Benchmarking Claude (via Claude Code) and GPT-5.5 (via Mozaik) in the same parallel-agent run.

Today I shipped a real change in baro. Until now it was Claude-only — every agent in the DAG shelled out to Claude Code. One flag — --llm openai — now swaps every model call in the run. Architect, Planner, Critic, Surgeon, Story Agents. Same Mozaik event bus underneath both. The only thing that moves is the provider.

I'd been carrying an assumption for months that I'd never tested: that Claude Opus 4.7 was the right brain for this. Now I had an excuse to find out.

Same goal, same starting branch, same baro version. Claude on one clone, GPT-5.5 on the other. I expected Claude to win on code quality and lose on wall time by a hair.

It didn't. GPT finished in 2:16, Claude in 4:01 — almost 2× faster. And when I read the two PRs, the gap there went the same direction.
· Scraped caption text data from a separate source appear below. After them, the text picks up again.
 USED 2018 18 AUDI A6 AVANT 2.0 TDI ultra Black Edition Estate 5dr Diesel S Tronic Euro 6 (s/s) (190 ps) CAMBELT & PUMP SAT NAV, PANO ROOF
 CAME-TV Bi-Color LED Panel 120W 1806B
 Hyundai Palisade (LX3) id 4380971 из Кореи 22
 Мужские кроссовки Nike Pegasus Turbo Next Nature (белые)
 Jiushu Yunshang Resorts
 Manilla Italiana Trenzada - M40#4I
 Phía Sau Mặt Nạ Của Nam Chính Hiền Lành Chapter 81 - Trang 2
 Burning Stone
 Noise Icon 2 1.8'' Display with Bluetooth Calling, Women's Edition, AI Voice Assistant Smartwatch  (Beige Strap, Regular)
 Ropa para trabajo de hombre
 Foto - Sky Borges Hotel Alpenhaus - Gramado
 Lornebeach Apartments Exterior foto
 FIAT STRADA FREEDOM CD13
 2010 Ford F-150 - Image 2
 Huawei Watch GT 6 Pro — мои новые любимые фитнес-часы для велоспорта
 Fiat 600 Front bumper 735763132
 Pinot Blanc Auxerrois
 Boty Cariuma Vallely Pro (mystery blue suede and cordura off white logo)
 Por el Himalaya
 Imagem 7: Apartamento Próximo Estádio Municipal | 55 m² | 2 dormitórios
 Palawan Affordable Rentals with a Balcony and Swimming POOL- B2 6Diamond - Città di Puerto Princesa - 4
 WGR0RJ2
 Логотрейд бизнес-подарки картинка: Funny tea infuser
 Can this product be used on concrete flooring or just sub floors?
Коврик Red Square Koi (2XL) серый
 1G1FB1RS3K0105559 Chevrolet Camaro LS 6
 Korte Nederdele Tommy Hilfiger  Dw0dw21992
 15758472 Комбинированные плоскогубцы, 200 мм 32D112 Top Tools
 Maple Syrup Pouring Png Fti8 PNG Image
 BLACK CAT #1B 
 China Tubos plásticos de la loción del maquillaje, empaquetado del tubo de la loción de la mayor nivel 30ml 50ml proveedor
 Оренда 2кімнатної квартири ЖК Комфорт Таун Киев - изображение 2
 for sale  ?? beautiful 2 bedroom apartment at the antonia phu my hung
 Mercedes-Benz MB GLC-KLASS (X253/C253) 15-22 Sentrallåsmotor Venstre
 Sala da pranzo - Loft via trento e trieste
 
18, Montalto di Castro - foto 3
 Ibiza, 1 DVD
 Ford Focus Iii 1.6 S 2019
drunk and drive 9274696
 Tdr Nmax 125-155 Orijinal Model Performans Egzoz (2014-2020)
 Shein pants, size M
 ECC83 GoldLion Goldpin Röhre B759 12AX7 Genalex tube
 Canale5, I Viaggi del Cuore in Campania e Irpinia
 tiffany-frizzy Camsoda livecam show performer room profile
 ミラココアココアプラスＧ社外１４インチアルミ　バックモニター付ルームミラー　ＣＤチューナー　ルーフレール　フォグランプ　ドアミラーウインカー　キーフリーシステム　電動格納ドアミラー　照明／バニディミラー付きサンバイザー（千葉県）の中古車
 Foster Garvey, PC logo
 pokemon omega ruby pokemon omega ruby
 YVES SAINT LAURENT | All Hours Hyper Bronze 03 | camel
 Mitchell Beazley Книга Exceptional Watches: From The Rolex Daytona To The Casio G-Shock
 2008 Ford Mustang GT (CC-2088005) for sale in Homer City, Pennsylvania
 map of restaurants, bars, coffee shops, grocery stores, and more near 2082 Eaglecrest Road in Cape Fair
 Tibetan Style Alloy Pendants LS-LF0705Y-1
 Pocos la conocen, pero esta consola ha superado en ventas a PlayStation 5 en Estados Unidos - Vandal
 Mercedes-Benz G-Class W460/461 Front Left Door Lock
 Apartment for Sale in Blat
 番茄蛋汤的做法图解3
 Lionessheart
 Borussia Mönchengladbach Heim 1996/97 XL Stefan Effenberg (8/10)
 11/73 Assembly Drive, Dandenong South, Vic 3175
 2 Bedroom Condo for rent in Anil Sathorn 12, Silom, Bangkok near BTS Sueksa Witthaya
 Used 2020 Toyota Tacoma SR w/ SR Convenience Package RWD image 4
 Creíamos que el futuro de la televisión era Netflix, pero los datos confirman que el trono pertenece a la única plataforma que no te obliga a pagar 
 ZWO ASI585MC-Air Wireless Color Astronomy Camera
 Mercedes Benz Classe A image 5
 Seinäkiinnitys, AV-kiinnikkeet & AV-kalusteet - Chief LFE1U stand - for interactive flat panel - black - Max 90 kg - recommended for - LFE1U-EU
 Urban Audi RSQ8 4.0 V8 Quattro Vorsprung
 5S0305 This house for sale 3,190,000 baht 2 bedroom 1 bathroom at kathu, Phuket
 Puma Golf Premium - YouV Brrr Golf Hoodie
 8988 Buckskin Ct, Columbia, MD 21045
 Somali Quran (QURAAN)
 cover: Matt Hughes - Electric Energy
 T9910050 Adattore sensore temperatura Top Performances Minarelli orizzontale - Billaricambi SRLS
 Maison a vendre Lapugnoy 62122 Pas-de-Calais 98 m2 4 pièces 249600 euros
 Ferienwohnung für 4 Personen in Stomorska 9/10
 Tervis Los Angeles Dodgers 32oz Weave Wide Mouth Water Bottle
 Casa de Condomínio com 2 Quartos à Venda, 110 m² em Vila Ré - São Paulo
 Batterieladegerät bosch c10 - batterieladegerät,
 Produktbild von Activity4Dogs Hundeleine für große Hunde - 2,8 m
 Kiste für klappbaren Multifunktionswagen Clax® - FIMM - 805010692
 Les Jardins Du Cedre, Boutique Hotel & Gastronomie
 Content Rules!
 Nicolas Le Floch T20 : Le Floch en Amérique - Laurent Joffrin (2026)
"Claude" and "GPT" don't mean what you think

Before the numbers — the most-misread part of this whole comparison. The two paths in baro aren't direct API calls to two providers.

--llm claude shells out to Claude Code in headless mode (claude -p). Auth comes from your Claude Max subscription. Every story baro runs eats the same quota as your interactive Claude Code sessions. Right now, a multi-hour parallel baro run costs you nothing on top of the $200/mo you already pay.

--llm openai is the opposite — a Mozaik-native call straight to the OpenAI Responses API, billed per-token against an OPENAI_API_KEY. No subprocess, no CLI in between, no subscription.

Same orchestration on top. Two completely different economic and latency profiles underneath. That's the real comparison.

The setup

I picked something I'd actually want shipped: add an Anthropic provider to Mozaik so the framework supports Claude alongside OpenAI. A runtime, three model classes (Opus 4.7, Sonnet 4.6, Haiku 4.5), a reasoning-effort helper, public exports, the package.json wiring. Real symbols, real type contracts. Not a toy.

Two sibling clones of the Mozaik repo, both reset to the same commit on main. Identical GOAL.md in both. baro 0.38 on both. Then:

baro --llm claude  "$(cat GOAL.md)"   # clone A — every phase via claude -p
baro --llm openai  "$(cat GOAL.md)"   # clone B — every phase via OpenAI Responses

Critic stays on gpt-5.4-mini on the OpenAI side — it's the highest-volume call in a run and the verdict is a structured pass/fail. Flagship reasoning doesn't move that needle.

The numbers

Wall time

kickoff to PR open — lower is better

Claude (via Claude Code)

4:01

GPT-5.5 (via Mozaik)

2:16

Parallel speedup (DAG efficiency)

sequential time / wall time — how much the parallelism is buying you

Claude (via Claude Code)

1.18×

GPT-5.5 (via Mozaik)

1.20×

Look at the parallel-speedup row before the wall-time one. 1.18× vs 1.20×. A wash. Both runs built the same DAG — a foundation story, two parallel stories that import from it, a wire-up at the end — and both got the same parallelism out of it.

So the 1.78× wall-clock gap isn't about DAG quality. It's about how long each per-story request takes to come back. And on the Claude side, that number stacks two things: Opus 4.7's response time, plus Claude Code's subprocess overhead. GPT was going straight to the API. Some of the gap is the model. Some of it is the layer in between.

Reading the two PRs

This is where I expected the script to flip. I've been hand-tuning baro's prompts for Claude for months. GPT-5.5 was seeing all of them cold.

Most of the surface area tied. PR #35 (Claude) and PR #36 (GPT) landed in the same directories, used the same tsconfig alias, both produced the right AnthropicMessages runtime shape. Both kept let request: any instead of reaching for the typed SDK helper. Both missed the same goal line — neither implemented the explicitly-requested AnthropicInferenceRunner. Both undersized maxOutputTokens on Opus (real cap is 64k; Claude wrote 32k, GPT wrote 8k).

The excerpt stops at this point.